俺は真剣な眼差しでイルカを見る。お互いもういい大人だ。子どもじゃない。だから、遠慮なんかしない。

「イルカが好き。キスしたい、触りたい、抱きしめたい、肌を、合わせたい。」

イルカの目が大きく見開く。

「なっ、なっ、何言ってやがんだっ、ばかやろーー!!」

イルカはいきなり殴りかかってきた。うわっ、ちょっ待ってよっ。怒るのは無理ないかもしれないけど、返事って言うか、聞かせてくれないかな、それすっごい気になってんですけど!イルカは困惑する。それは解っていたし、仕方ないけどさ、俺だってずっと片思いしてきてんのよ?
俺はなおも殴りかかってくるイルカの両手首を掴んだ。イルカは身動きできずにキっと俺のことを睨んできた。うう、そんな目で見ないでよ、俺落ち込みそう...。

「ごめん、」

「ふっさげけんなっ。」

大声で怒鳴られてしゅんとしてしまう。俺、ふげけてなんかないんだけどなあ、本気なんだけどなあ。イルカには理解してもらえないのかなあ。俺の精一杯の告白、信じてもらえないのかな。
俺は黙りこくってしまった。
その時、頭上で伝令の鳥が鳴いた。集合の合図だ。そろそろいかなくては。
俺はイルカの手首をぱっと離すと、その場から瞬時に離れた。
そして落ちていた面をかぶった。イルカはいつのまにか顔を俯けてしまっている。このまま、二度と俺の顔を見ようとしなかったら俺どうしよう。
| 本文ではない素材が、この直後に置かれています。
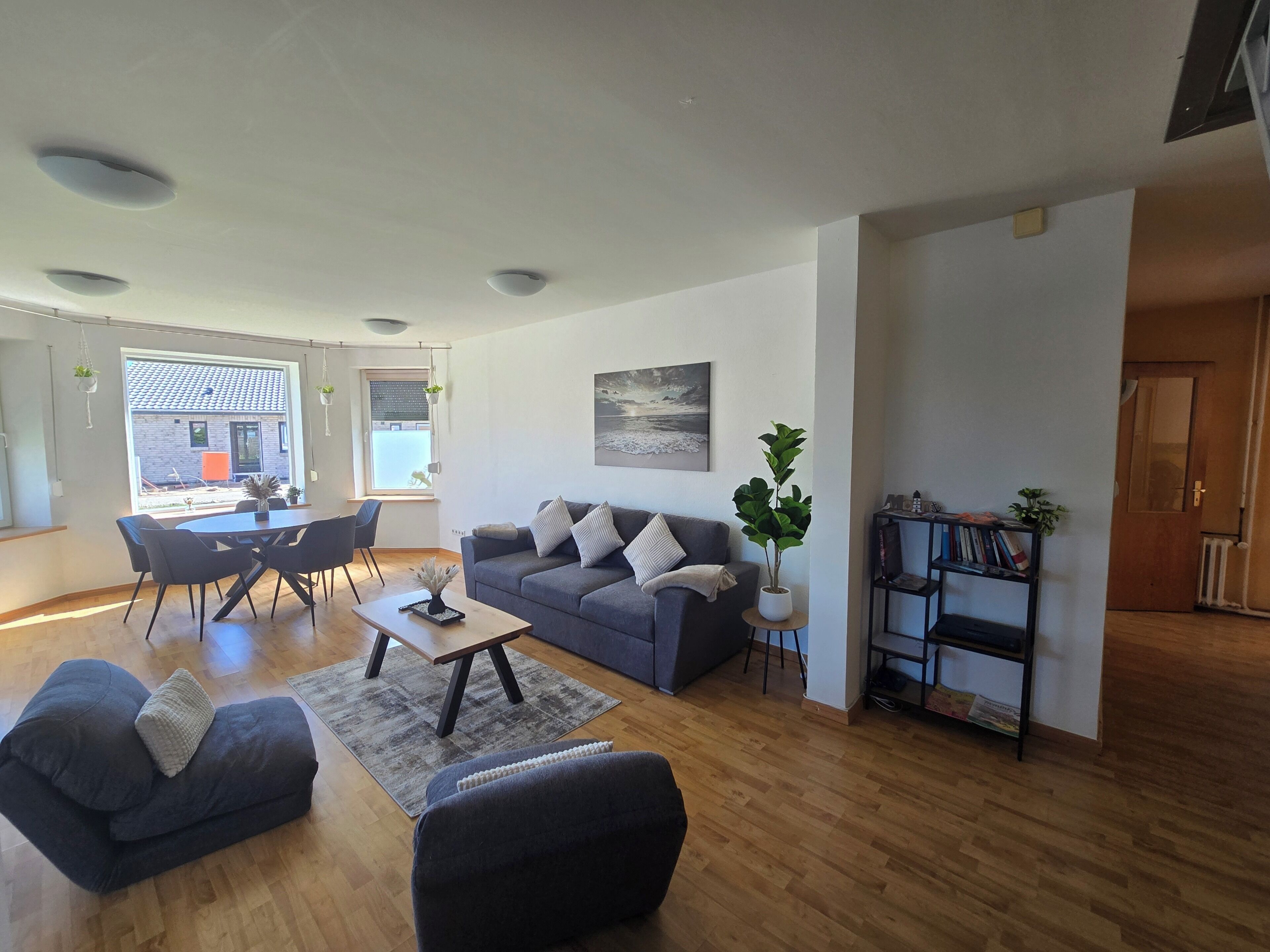 Una sala de estar moderna con un sofá gris, una mesa de centro y un comedor con mesa y sillas.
俺はイルカとの安寧とした関係を断ち切ってまでも、自分の心の解放を優先させてしまった。
俺はそのまま跳躍してその場から立ち去った。
木々を伝いながら、俺はどうしようもない後悔と、そして伝えてしまったことへの開放感と、ほんの少しの希望と絶望とを噛み締めた。
先生、俺、どうすればいいのかな?俺、人に好きになってもらうためにはどうすればよかったんだろう。俺は、やっぱり臆病者だよ。ずっと変わらない。
俺は集合場所へと向かった。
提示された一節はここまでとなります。